The standard product of sums (SPOS) form is a form of expressing a Boolean function as a product of maxterms. Where, a maxterm is a sum term of the Boolean function which contains all the variables of the function either in complemented or un-complemented form.

Therefore, the SPOS form of a Boolean function is also known as Expanded Product of Sums form because each term of the function contains all the variables.

For example, consider a Boolean function in POS form as,

$$\mathrm{\mathit{f}\lgroup A,B,C \rgroup=\lgroup A+\overline{B}\rgroup\lgroup B+\overline{C}\rgroup}$$

Then, the SPOS form of this function will be,

$$\mathrm{\mathit{f}\lgroup A,B,C\rgroup=\lgroup A+\overline{B}+C\overline{C}\rgroup\lgroup A\overline{A}+B+\overline{C}\rgroup}$$

$$\mathrm{\Rightarrow \mathit{f}\lgroup A,B,C\rgroup=\lgroup A+B+\overline{C}\rgroup\lgroup A+\overline{B}+C\rgroup\lgroup A+\overline{B}+\overline{C}\rgroup\lgroup\overline{A}+B+\overline{C}\rgroup}$$

This is the standard product of sums (SPOS) form the given Boolean function. The SPOS form of Boolean function can also be represented as,

$$\mathrm{\mathit{f}\lgroup A,B,C\rgroup=M_1.M_2.M_3.M_5=\prod M\lgroup 1,2,3,5\rgroup}$$

Now, let us discuss the conversion of SSOP (Standard Sum of Products) form to SPOS (Standard Product of Sums) form.

## Converting SSOP to SPOS Form

We can convert the SSOP (Standard Sum of Products) form of a Boolean function to SPOS (Standard Product of Sums) form. To covert a Boolean function from SSOP form to SPOS form, we have to follow these two steps −

Interchange the operational symbols Σ and Π.

List those terms which are missing in the given SSOP form.

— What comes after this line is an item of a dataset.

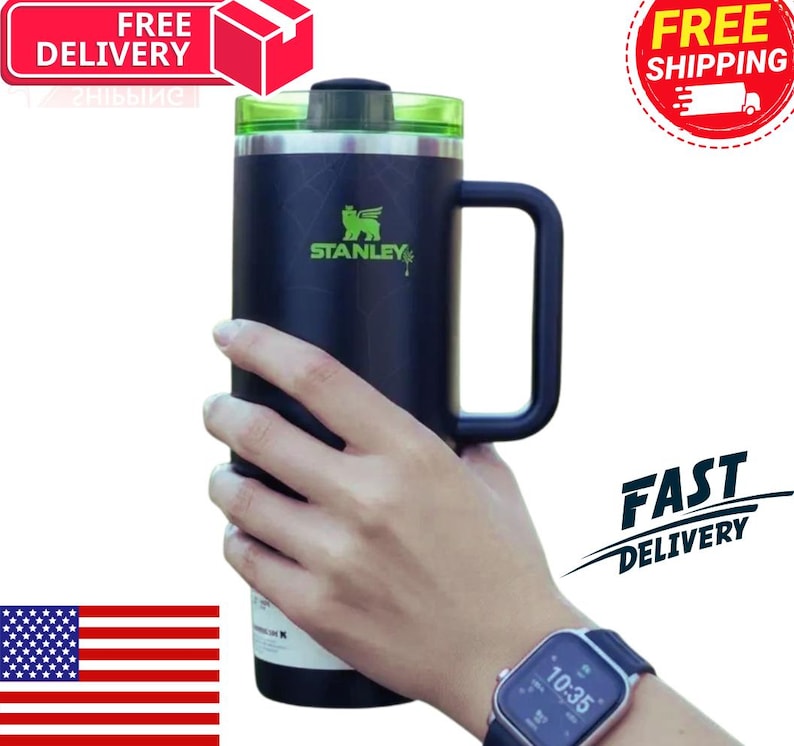 May include: A black Stanley travel mug with a green lid and handle. The mug features the Stanley logo in green and the text "STANLEY". The mug is held by a person.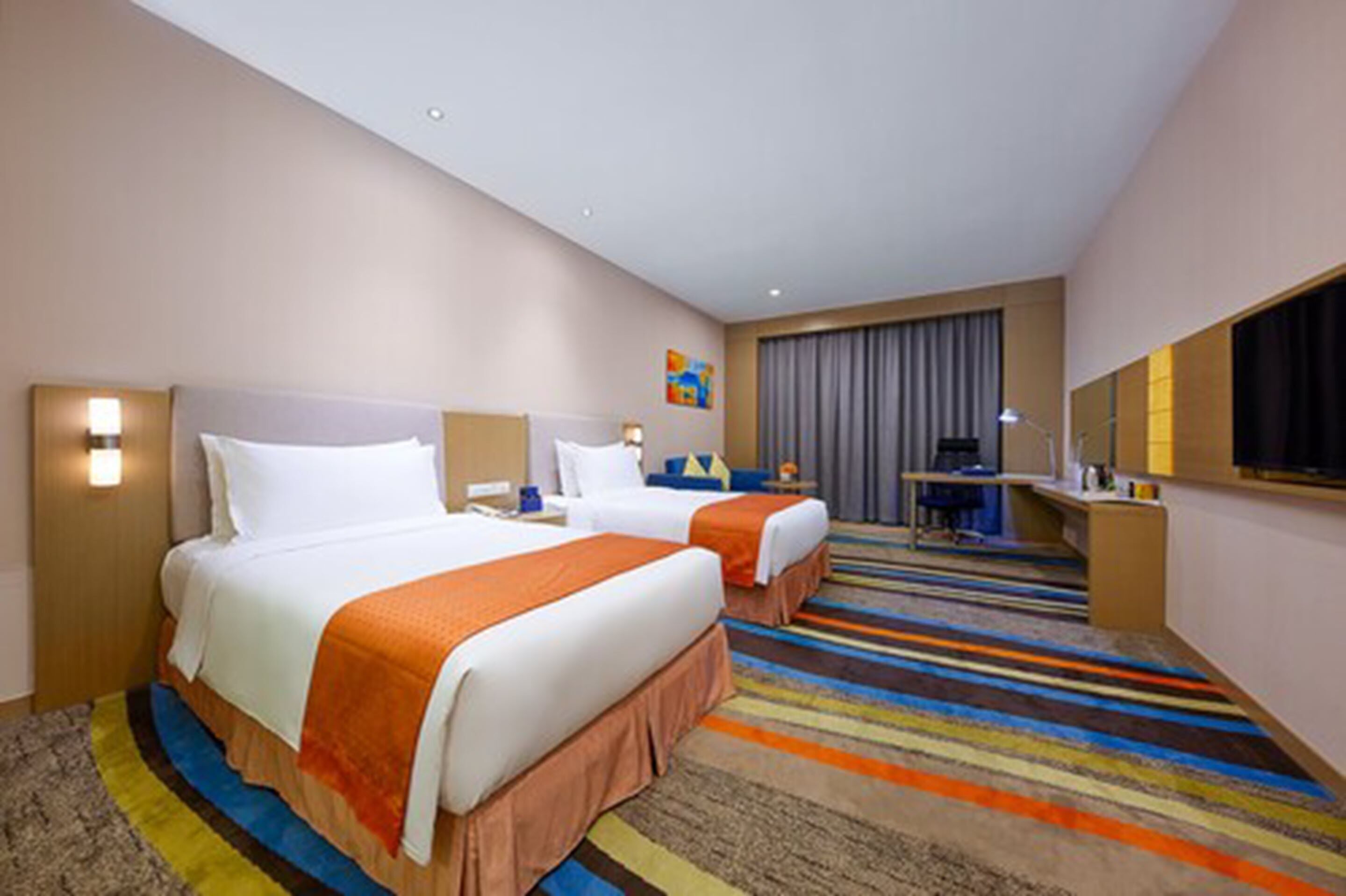 A hotel room with two beds, a desk, a chair, a TV, and a colorful striped carpet.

$$\mathrm{\mathit{f}\lgroup A,B,C\rgroup=\sum m\lgroup 0,1,2,5,7\rgroup =m_0+m_1+m_2+m_5+m_7}$$

In this function, the minterms 3, 4, and 6 are missing. Therefore, they will appear in the SPOS form as maxterms.

$$\mathrm{\therefore \mathit{f}\lgroup A,B,C\rgroup=\prod M\lgroup 3,4,6\rgroup=M_3.M_4.M_6}$$

In this way, we can convert a Boolean function from SSOP form to SPOS form.

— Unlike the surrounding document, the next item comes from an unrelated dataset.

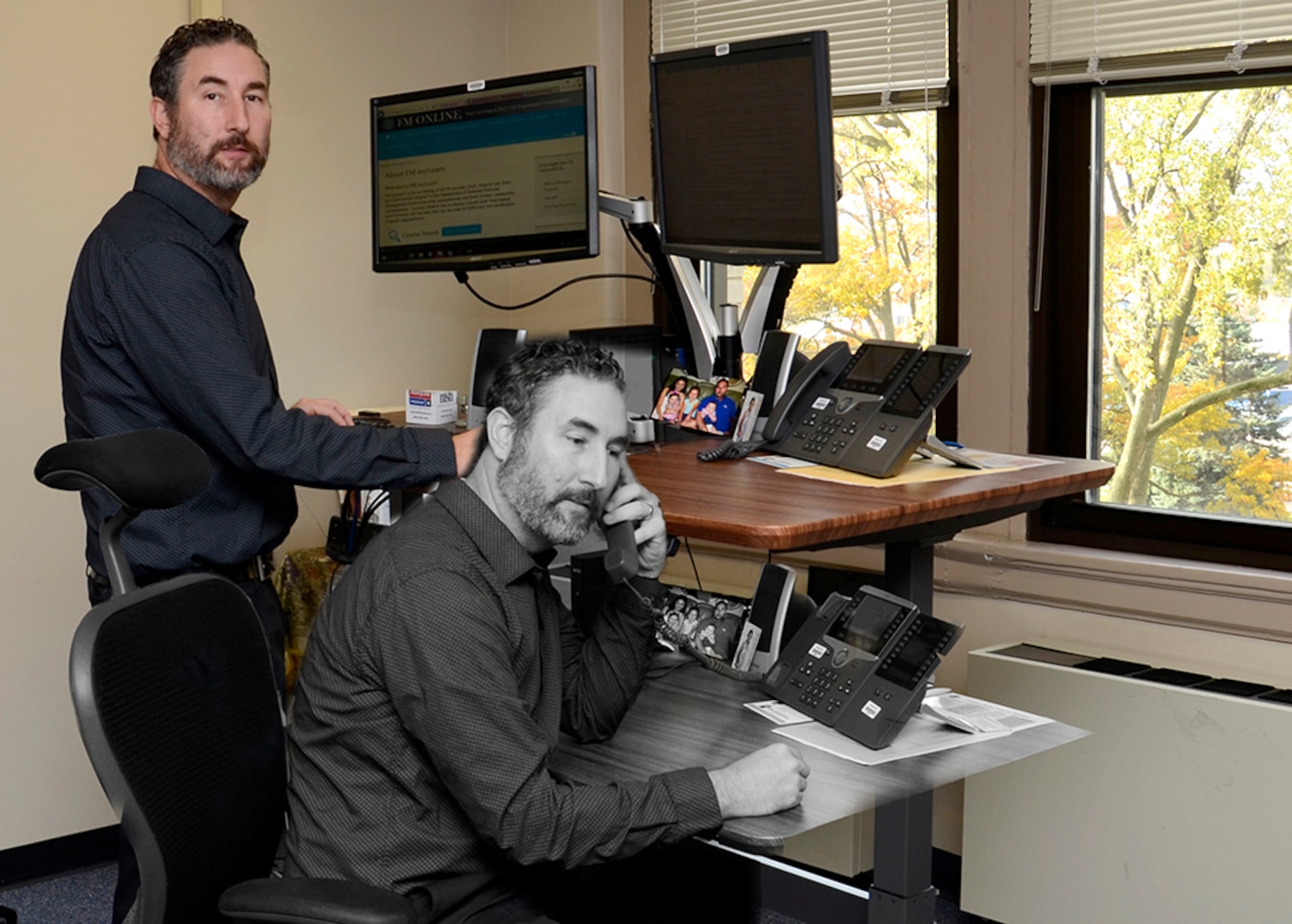 DLA Disposition Services Finance Director Isaac Stanley received his first sit-stand desk in June and said the work space flexibility has improved his posture and lessened back pain. Photo illustration.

We can also convert a Boolean function from SSOP to SPOS form by using complement and De Morgan’s theorem as follows,

$$\mathrm{\mathit{f}\lgroup A,B,C\rgroup=\sum m\lgroup 0,1,2,5,7\rgroup =m_0+m_1+m _2+m_5+m_7}$$

The complement of this function is,

$$\mathrm{\overline{\mathit{f}(A,B,C)} =\sum m\lgroup 3,4,6\rgroup=m_3+m_4+m_6}$$

I.e. the complement of a Boolean function expressed as a sum of minterms is equal to the sum of minterms missing from the given Boolean function.

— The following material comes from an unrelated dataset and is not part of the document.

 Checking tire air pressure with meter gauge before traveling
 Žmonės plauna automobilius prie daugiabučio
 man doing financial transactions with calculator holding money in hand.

Now, if we apply De Morgan’s theorem ,$\mathrm{\lgroup \overline{A+B}=\overline{A}.\overline{B} \rgroup}$ we obtain the function in the following form,

$$\mathrm{\mathit{f}(A,B,C)=\overline{m_3+m_4+m_6}=\overline{m_3}.\overline{m_4}.\overline{m_6}= M_3.M_4.M_6}$$

$$\mathrm{\Rightarrow \mathit{f}\lgroup A,B,C\rgroup=\prod M\lgroup 3,4,6\rgroup }$$

This is the SPOS form of the given Boolean function.

## Conclusion

This is all about converting SSOP (Standard Sum of Products) form to SPOS (Standard Product of Sums) form.